Her Fearful Symmetry by Audrey Niffenegger has some body-swapping in it.
posted by soelo at 1:53 PM on February 16, 2012


Prelude to a Kiss, play and film.
posted by Iris Gambol at 2:16 PM on February 16, 2012


Trader by Charles de Lint.
posted by mygothlaundry at 2:30 PM on February 16, 2012


There was a recent episode of the British sci-fi show Misfits where this happened; series 3, episode 5.

This also happens to Rose in "New Earth", the first episode of the second series of the 2005 Doctor Who.

(I had answers that weren't British scifi but they seem to have been covered.)
posted by SoftRain at 2:31 PM on February 16, 2012


Octavia Butler's Wild Seed, and to a much lesser extent, the rest of the Patternist Series.
posted by emyd at 2:45 PM on February 16, 2012


YA novel Stranger With My Face.
posted by 8dot3 at 2:54 PM on February 16, 2012


All of Me
Heaven Can Wait
posted by Obscure Reference at 2:55 PM on February 16, 2012


Oh yeah. Anubis Gates by Tim Powers. The soul-switching seems like a relatively minor aspect of the plot, but it definitely propels the main action.
posted by adamrice at 3:02 PM on February 16, 2012


Previously, related: Bodies? We don't need no stinkin' bodies.
posted by MonkeyToes at 3:06 PM on February 16, 2012


"Lord of Light" by Roger Zelazny.
posted by Marky at 4:58 PM on February 16, 2012 [1 favorite]
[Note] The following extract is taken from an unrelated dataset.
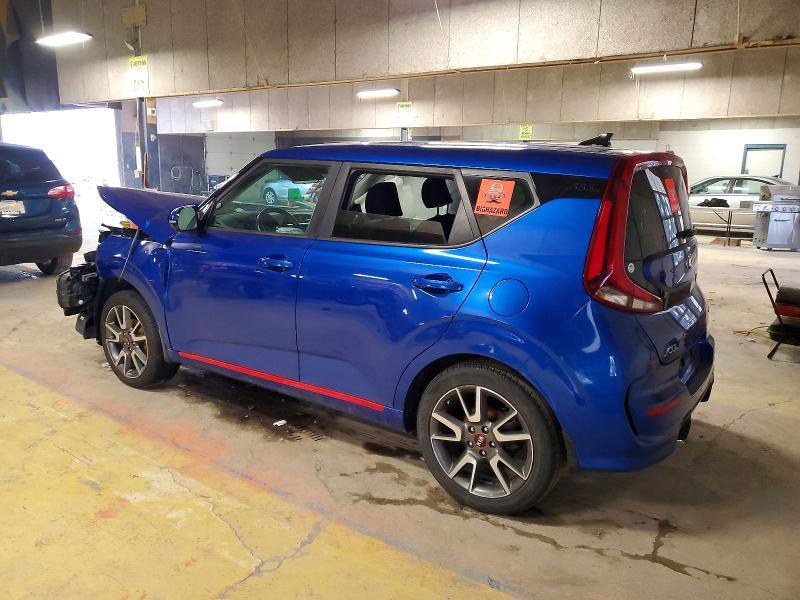 2020 KIA Soul gt Line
Moonsinger by Andre Norton
posted by gudrun at 5:13 PM on February 16, 2012


Victim of The Brain is more of a thought experiment about these things than a piece of fiction but really worth watching.
posted by pmcp at 6:02 PM on February 16, 2012


Turnabout (1931) by Thorne Smith. Classic comic novel in which a husband and wife swap bodies, get pregnant, etc.
posted by Monsieur Caution at 6:12 PM on February 16, 2012


The Lovely Bones has an incident of this.
posted by SisterHavana at 8:23 PM on February 16, 2012


Freejack
posted by InsertNiftyNameHere at 2:06 AM on February 17, 2012


The 1986 TV Movie Who is Julia? comes to mind. That movie freaked. me. out. when I saw it as a kid.
posted by Eumachia L F at 5:46 AM on February 17, 2012


Interestingly, Freejack was actually very loosely based on Robert Sheckley's Immortality Inc.
posted by Chairboy at 7:57 AM on February 17, 2012


It happens to Harry Keogh in some of the Necroscope books by Brian Lumley.

It happened briefly as a result of a spell gone wrong in Shrek 3, where Donkey and Puss in Boots switch.

It's sort of hinted at at the very end of the 2nd XMen movie, with the guy laying in the bed.
posted by cass at 9:30 AM on February 17, 2012


Red Dwarf episode "Bodyswap".

There's also a tangentially related thing going on in the HIMYM episode "Blitzgiving".
posted by cardioid at 9:59 AM on February 17, 2012 [1 favorite]


Most recently: Change Up
posted by jefftang at 12:43 PM on February 17, 2012


Another Star Trek instance: Star Trek II/III: at the end of II, Spock transferred his "katra" to McCoy; early in III, McCoy was clearly acting possessed by Spock's spirit.

Then they transferred it back to Spock's reborn body.